The judges faulted Scheindlin for failing to appear impartial by making public statements about the case and by granting media interviews in which she answered critics of her ruling.
“We could not be more pleased with the Court’s findings,” said Corporation Counsel Michael Cardozo, the city’s chief attorney, who called Scheindlin’s ruling “unjustified and deeply problematic.”
The case “will now receive a fresh and independent look both by the appeals court and then, if necessary, by a different trial court judge,” Cardozo said.
As part of her ruling, Scheindlin ordered a federal monitor to oversee changes to NYPD practices.
Her ruling was widely celebrated by racial minorities in New York who complained that innocent people were being caught up in the police sweeps.
It also played a role in the campaign for mayor of New York City in which candidate Bill de Blasio, who won the Democratic nomination and became the front-runner for next Tuesday’s election, blasted stop-and-frisk as unfair.

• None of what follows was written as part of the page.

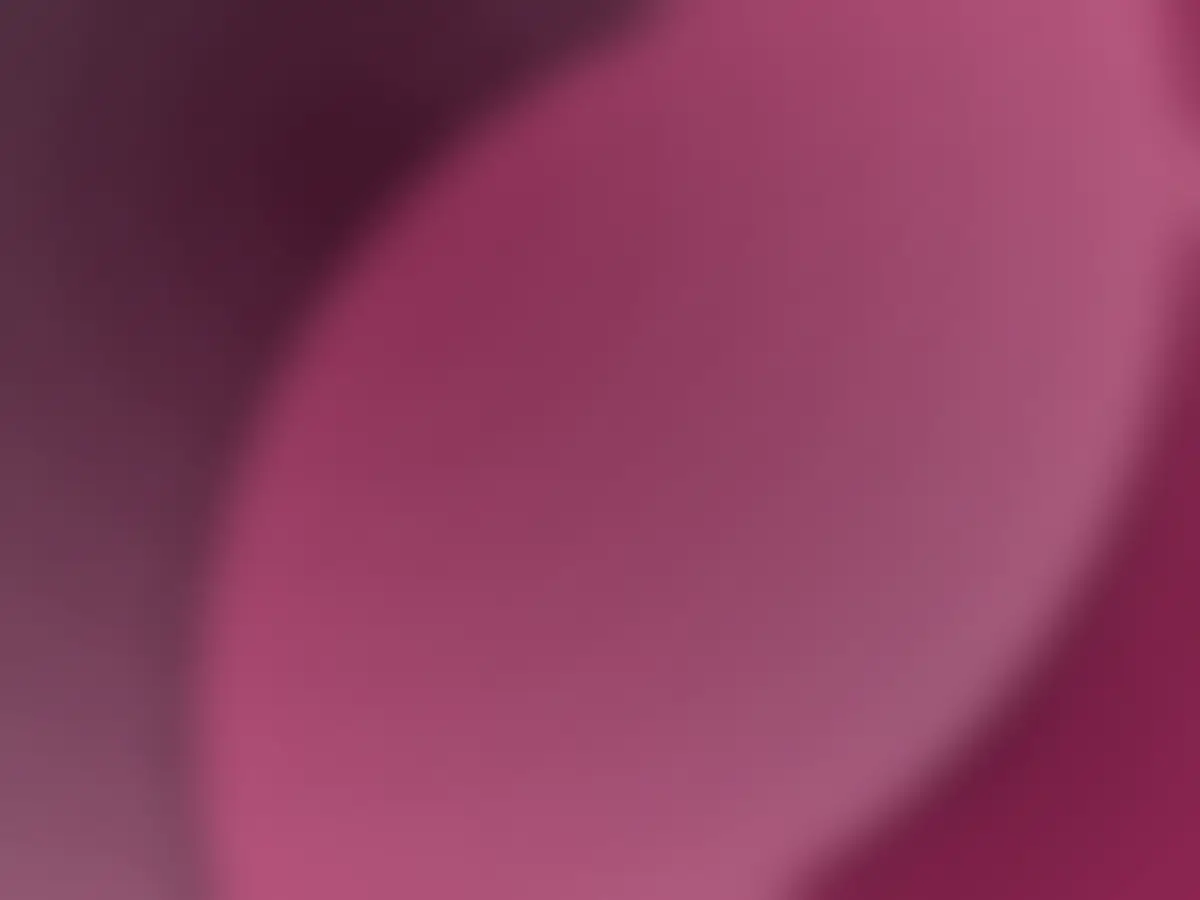 Petal — 美妆品牌视觉系统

The appeals court also took issue with how Scheindlin interacted with lawyers in a December 2007 hearing while she presided over another stop-and-frisk lawsuit involving some of the same lawyers.
“If you got proof of inappropriate racial profiling in a good constitutional case, why don’t you bring a lawsuit?” Scheindlin asked. “What I am trying to say – I am sure I am going to get in trouble for saying it – for $65 you can bring that lawsuit.”
She said the lawyers could mark it as “related,” ensuring that it would be assigned to her docket rather than to another judge at random.
The New York Civil Liberties Union said it would appeal the ruling, and the Center for Constitutional Rights called the reassigning of the case “troubling and unprecedented.”
De Blasio, who said stop-and-frisk was evidence of “two New Yorks” – one for the privileged elite and another for the poor and disadvantaged – said he was “extremely disappointed in today’s decision.”
“We have to end the overuse of stop-and-frisk and any delay only means a continued and unnecessary rift between our police and the people they protect,” de Blasio said.
Police supporters applauded the ruling.
“That’s great news,” said former NYPD Commissioner Howard Safir. “Stop-and-frisk is a legal tactic, not a policy. What police are doing are stopping people based on victims’ descriptions” of perpetrators.
Heather MacDonald, author of the book “Are Cops Racist?” and a vigorous defender of the NYPD’s use of stop-and-frisk, also celebrated the ruling but said it was no indication the appeals court would overturn Scheindlin’s ruling.
“Appellate judges tend to take a deferential stance towards trial judges’ fact-finding, and that’s what a lot of this case hangs on,” Mac Donald said.